Have you ever wondered why some wine costs only $15 while others soar upwards of $100? It's question that comes to my mind every Friday night, right before I shrug and head for the bottom shelf — guided, as usual, by my wallet rather than taste. After all, like many people my age, I wouldn't know where to begin choosing the pricier stuff. But Alit Wines, a wine brand out of Oregon, wants to clear up the mystery of wine production, so buyers know exactly what goes into their wine and why it costs as much as it does — and given how mysterious the wine industry tends to be to outsiders, this is a total game-changer.
Alit is the latest venture of winemaker (and former film producer) Mark Tarlov. Simply put, the brand’s goal is transparency, from equipment and labor costs down to the fruit itself. “Our hope is that by sharing the decisions that go into each step of the process, we can talk meaningfully about what we do and why it costs what it does,” explains the company website.
That means cutting out the middleman. Alit is sold online-only, with no markup for retail, allowing the makers to price what would be a traditionally expensive wine for far less.

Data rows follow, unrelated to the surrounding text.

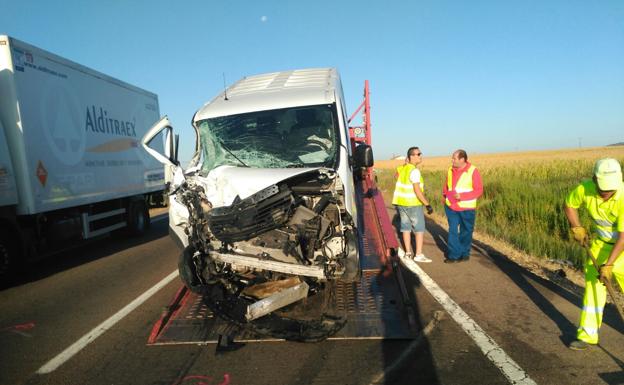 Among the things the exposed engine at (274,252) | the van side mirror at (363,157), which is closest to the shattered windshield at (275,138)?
the van side mirror at (363,157)

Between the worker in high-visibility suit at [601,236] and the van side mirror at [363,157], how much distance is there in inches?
86.2

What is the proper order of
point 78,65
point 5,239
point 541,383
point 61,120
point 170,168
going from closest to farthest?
point 541,383, point 170,168, point 5,239, point 61,120, point 78,65

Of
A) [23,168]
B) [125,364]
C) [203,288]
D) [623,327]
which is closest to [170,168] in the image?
[203,288]

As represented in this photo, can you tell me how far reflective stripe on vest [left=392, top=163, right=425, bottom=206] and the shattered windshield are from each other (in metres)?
2.25

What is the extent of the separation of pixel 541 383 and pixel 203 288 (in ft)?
9.98

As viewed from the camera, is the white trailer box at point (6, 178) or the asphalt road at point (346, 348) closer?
the asphalt road at point (346, 348)

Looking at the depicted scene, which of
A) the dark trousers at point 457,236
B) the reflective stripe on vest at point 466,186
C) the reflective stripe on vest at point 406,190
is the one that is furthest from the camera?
the reflective stripe on vest at point 406,190

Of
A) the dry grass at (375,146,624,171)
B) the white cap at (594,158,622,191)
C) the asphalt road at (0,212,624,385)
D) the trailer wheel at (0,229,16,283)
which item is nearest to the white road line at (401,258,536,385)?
the asphalt road at (0,212,624,385)

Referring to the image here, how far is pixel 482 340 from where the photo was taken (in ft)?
12.4

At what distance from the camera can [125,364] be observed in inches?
141

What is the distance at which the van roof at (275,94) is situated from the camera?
4984mm

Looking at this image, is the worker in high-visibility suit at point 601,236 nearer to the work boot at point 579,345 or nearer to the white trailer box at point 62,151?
the work boot at point 579,345

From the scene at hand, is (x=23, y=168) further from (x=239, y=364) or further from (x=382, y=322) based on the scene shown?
(x=382, y=322)

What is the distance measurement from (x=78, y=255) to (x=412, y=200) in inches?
276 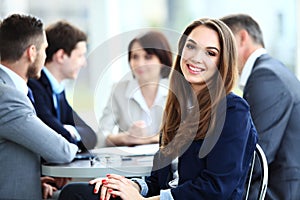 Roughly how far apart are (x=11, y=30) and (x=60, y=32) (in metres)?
0.68

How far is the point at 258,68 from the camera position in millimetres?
2393

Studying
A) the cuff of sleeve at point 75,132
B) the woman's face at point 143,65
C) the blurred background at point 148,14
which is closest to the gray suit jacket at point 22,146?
the cuff of sleeve at point 75,132

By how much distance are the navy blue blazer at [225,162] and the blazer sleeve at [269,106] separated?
0.44m

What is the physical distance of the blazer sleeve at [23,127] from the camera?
212 cm

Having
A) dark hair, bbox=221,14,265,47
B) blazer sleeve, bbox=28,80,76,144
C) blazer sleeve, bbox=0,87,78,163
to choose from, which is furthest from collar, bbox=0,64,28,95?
dark hair, bbox=221,14,265,47

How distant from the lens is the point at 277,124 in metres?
Answer: 2.31

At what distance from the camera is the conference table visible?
6.99 ft

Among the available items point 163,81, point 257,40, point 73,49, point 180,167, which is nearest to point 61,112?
point 73,49

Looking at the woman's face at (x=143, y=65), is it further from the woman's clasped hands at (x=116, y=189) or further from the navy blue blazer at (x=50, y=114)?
the woman's clasped hands at (x=116, y=189)

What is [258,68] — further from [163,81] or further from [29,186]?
[29,186]

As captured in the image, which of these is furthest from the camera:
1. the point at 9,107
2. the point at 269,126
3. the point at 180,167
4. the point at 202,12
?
the point at 202,12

Here's the part that conscious consumers will love: Alit's website also breaks down exactly how much it costs to produce the wine. For a bottle of Pinot Noir, for example, farming and fruit cost $5.66 overall, and labor is $2.14. Overall, it costs about $15 per bottle. Add in a 45 percent profit of $12.35, and you get the $27.45 price listed online (not including the 3-day shipping).
That might be more than what you're normally willing to fork over for wine; according to Wine Spectator, the average retail purchase of a bottle cost $7.81 in 2015. However, Tarlov has been emphasizing the difference between Alit wines and the kinds that cost $10. Earlier this year, he pointed out to Forbes that the type of organic farming used by Alit — synthetics- and irrigation-free — tends to cost more than traditional methods, raising the price of the wine. On the other hand, that also means the wine itself is supposed to be better quality.
Transparency is increasingly important to many consumers, with nearly three in four millennials saying they view sustainability as a priority when shopping. Who wouldn't want to know how their food is grown, or where their clothes are made? The recent shift toward conscious consumerism has led to the rise of ethical, eco-friendly fashion lines like People Tree, or farm-to-table restaurants that source food locally.
The wine industry, however, has a history of being rather opaque; a wine importer once described wine pricing to the New York Times as "more art than science." In addition to the market, perception plays a huge role in wine. Research has shown that when the same wine is priced differently, people prefer the more expensive one, presumably because they assume it's a better wine. Barring extensive research before we buy, most of us are stuck using the price tag as the sole indicator of quality. It's worth noting, though, that organic wines are increasingly available, and there's evidence they really do taste better.
Ideally, Alit's transparency model can serve as a sort of educational tool. If you're going to spend any money on a bottle of wine, you'll know exactly what you're paying for, and you can learn a little about the wine-making process while you're at it. It's making the wine industry accessible to all, and that I can raise a glass to.